Speeding up gnucash

John Ralls jralls at ceridwen.us
Thu Feb 27 12:47:15 EST 2014


On Feb 27, 2014, at 9:08 AM, David J. Bakeman <dbakeman at comcast.net> wrote:

> On 02/26/2014 08:05 PM, John Ralls wrote:
>> On Feb 26, 2014, at 7:14 PM, AC <gnucash at acarver.net> wrote:
>> 
>>> I'm currently running the Windows version 2.4.15.  Is there a way to
>>> speed up the read and write operations?  Right now when I save my
>>> updates it takes about two minutes to write everything to disk.  When
>>> loading, it can sometimes take a while to load the file and populate the
>>> registers.
>> Heh. You think 2.4.15 is slow, try 2.6.1.
>> 
>> Unfortunately, reading a large file and creating all of the objects or serializing all of the objects and writing them back into a file is slow. After a couple of bug reports about files being corrupted by invalid UTF8 and ASCII control characters, the latter of which are illegal in XML, 2.6 introduced checking every string for invalid characters.

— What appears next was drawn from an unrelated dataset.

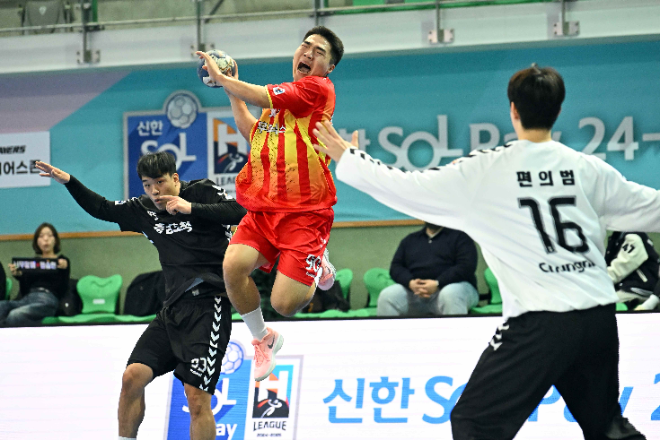 있는 힘껏 공을 던지는 상무피닉스 김락찬 / 사진제공=한국핸드볼연맹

That slows down loads, imports, and saves even more.
> So every time the database is loaded and saved it's sanitized?  How
> would the bad chars get in while gnucash is running?  If it's from the
> import transaction stuff shouldn't they do the checking?  That way the
> database used while gnucash is running is always sanitized.  So checking
> can be skipped during the save.  Further couldn't you then mark the save
> as clean so when you load the database the next time you can skip the
> check?

It checks on import as well, of course. Bad strings can be introduced from the GUI by copy & paste, and that code is a mess, so I can't be sure that every instance is caught at input. Since the checks were only introduced in 2.4.14 and 2.6.0, it's possible to create a corrupted file in an older version.

Marking the file as saved clean so that it doesn't have to be checked on open is an interesting idea. I hadn't thought of that.